◆ TASK REQUIREMENTS ◆
Retype the line where "Japanese Kimono / Accessories Silk" appears and each line that follows it down to the last line of the records below. Leave the pictures out.

◆ EXCERPTED DATA ◆
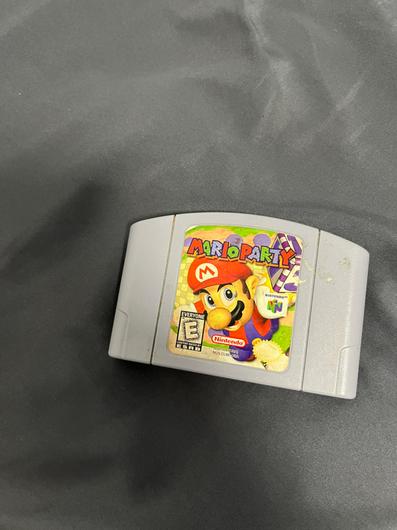 Mario Party photo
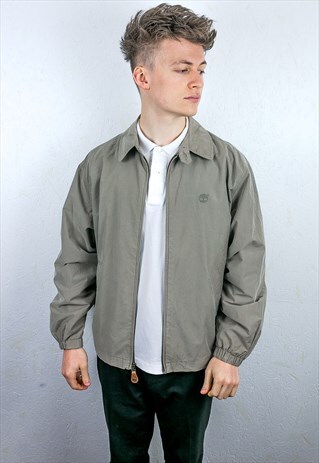 VINTAGE TIMBERLAND JACKET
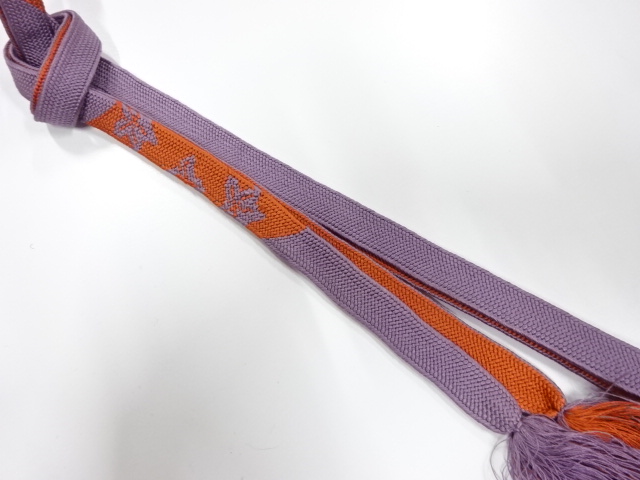 Japanese Kimono / Accessories Silk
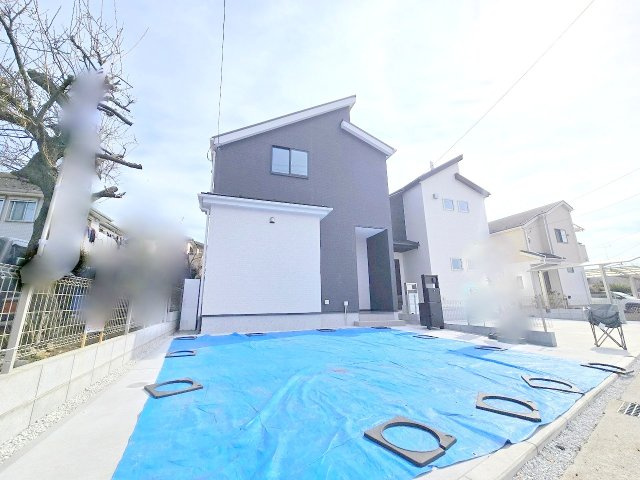 瑞穂町殿ケ谷　全3棟のその他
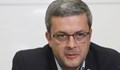 Тома Биков: Борисов ще подаде оставка, но само ако се свика ВНС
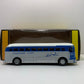 MTH 30-50053 1:48 Scale RailKing Las Vegas Greyhound Diecast Bus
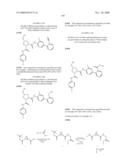 Inhibitors of Factor XA and Other Serine Proteases Involved in the Coagulation Cascade diagram and image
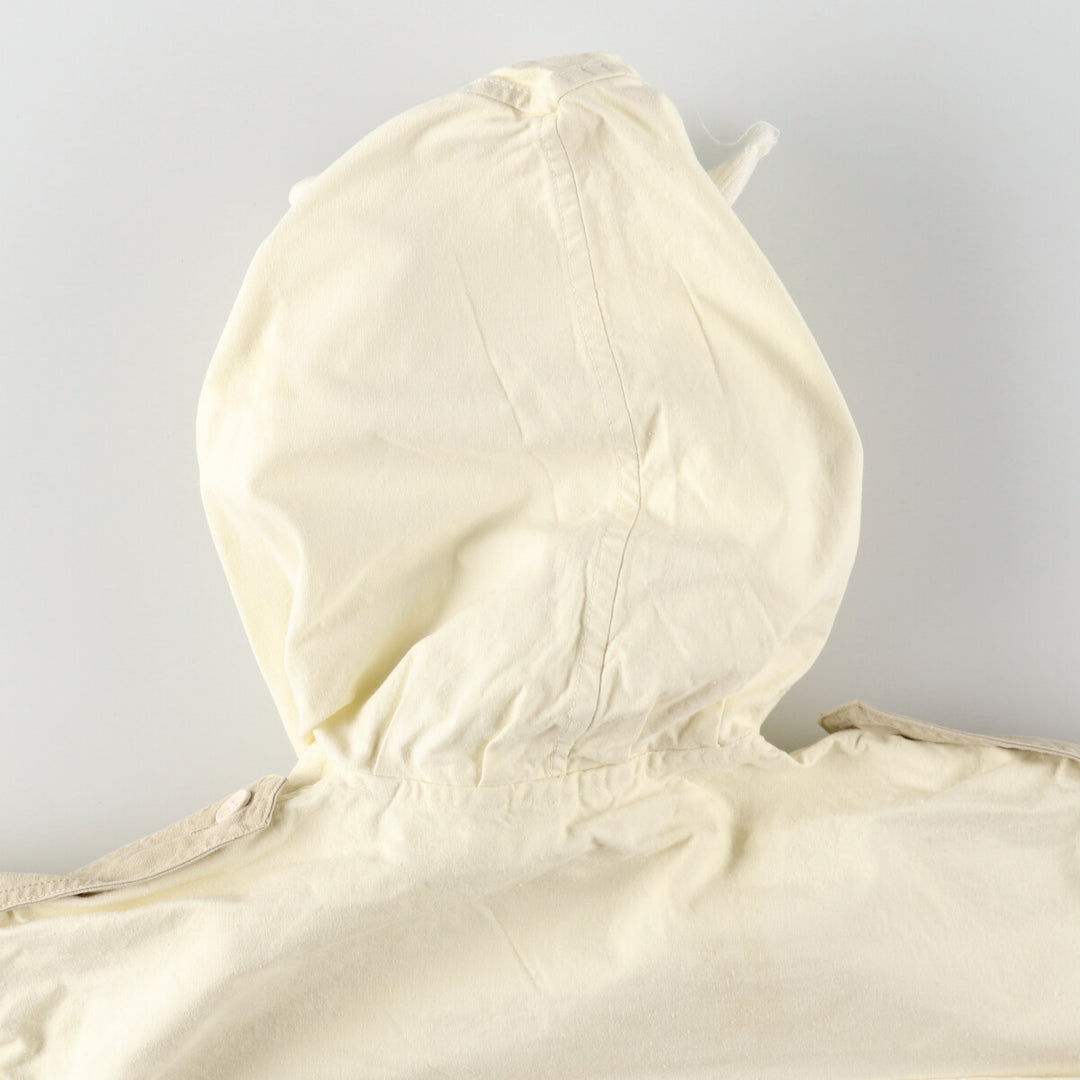 1940s-1950'S Swedish military M39 snow parka, men's XL size, vintage /eaa485218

◆ FINAL ANSWER ◆
 Japanese Kimono / Accessories Silk
 瑞穂町殿ケ谷　全3棟のその他
 Тома Биков: Борисов ще подаде оставка, но само ако се свика ВНС
 MTH 30-50053 1:48 Scale RailKing Las Vegas Greyhound Diecast Bus
 Inhibitors of Factor XA and Other Serine Proteases Involved in the Coagulation Cascade diagram and image
 1940s-1950'S Swedish military M39 snow parka, men's XL size, vintage /eaa485218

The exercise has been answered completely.